What if instead of building dozens of separate tools, I built one massive platform where everything lived together?
In 2025 I made a decision.
I decided I did not want to spread myself thin across countless small projects anymore. I wanted to focus all my energy on building something large, meaningful, and aligned with my core values.
Those values were simple.
Open systems. Privacy first software. Tools that gave builders real leverage without trapping them inside endless subscriptions.
That decision led to the idea that would eventually become Cordoval.
At first Cordoval was a simple idea.
I wanted to build a single website that contained a collection of tools designed to help people start building online. Instead of paying for ten or fifteen different services every month, builders could access the tools they needed in one place.
Subscriptions across modern software platforms can easily cost hundreds of pounds every month. My goal was to create an alternative that was accessible and free to use.
But as I began planning the platform, my thinking expanded.
Why stop at a tool bundle?
Why not build something bigger.
Instead of just building a set of tools, I started imagining an entire ecosystem designed for builders. A platform where someone could work, build, learn, connect with others, and even relax without leaving the environment.
The concept slowly evolved into something much larger.
An everything app for builders.
A place that combined work tools, AI systems, personal productivity tools, social features, and even entertainment into one platform.
The more I thought about it, the more it made sense. As a creative person I constantly have ideas. Cordoval could become the environment where all those ideas lived and grew together.
So I began planning seriously.
I mapped out every tool I wanted to build. I researched the best frameworks and systems that could help me build them efficiently. I explored how AI could accelerate development while still allowing me to maintain control over the direction of the platform.
Then I started building.
Step by step.
One tool at a time.
The process took a year of consistent development. During that time I learned more than I had in the previous decade of experimentation.
I learned how to code properly. I learned how to collaborate with AI as a development partner. I learned interface design, user experience design, and system architecture. I learned what founders actually need when they are trying to turn ideas into real projects.
Over time the platform grew larger and more capable.
Eventually Cordoval became something far bigger than the original idea. The platform now includes more than eighteen business tools, personal productivity tools, over twenty AI powered tools, a social network designed specifically for builders, and even a gaming section featuring more than one hundred indie games.

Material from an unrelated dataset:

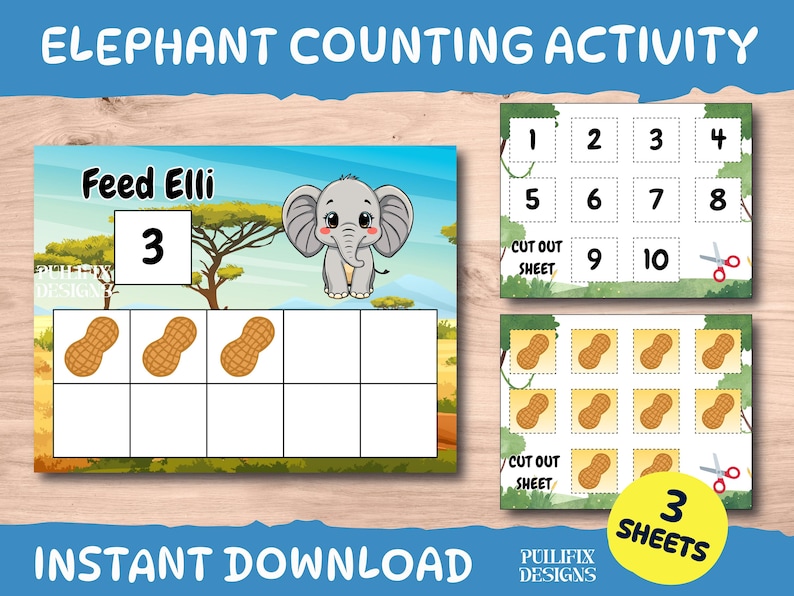 Elephant Counting Activity, Preschool Math Game, Feed Elli, Kids Number ...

Because even builders need time to relax sometimes.
But the most important thing Cordoval gave me was clarity about my own path.
Through building it I discovered exactly what I want to spend my life doing.
I want to build systems.
Platforms that help people create, learn, and grow. Tools that give individuals the leverage to turn ideas into reality. Technology that respects privacy and empowers builders instead of exploiting them.
When I look back at where I started, growing up in chaos on a council estate, the path here feels almost unreal.
But it also proves something important.
Your starting point does not have to define your ending.
The curiosity I had as a kid watching technology talks on a laptop became the foundation for everything that came later. The hours spent learning during difficult times became the skills that allowed me to build real platforms years later.
Today Cordoval is available for the world to use freely, without harvesting user data or locking people into expensive software ecosystems.
And this is only the beginning.
My focus now is simple. Continue improving Cordoval. Continue building tools that empower builders. Continue sharing everything I have learned from years of experimenting, studying, and building through some of the hardest moments of my life.
Because the knowledge that once helped me escape my circumstances might help someone else do the same.
And if Cordoval can play even a small part in that, then the journey has been worth it.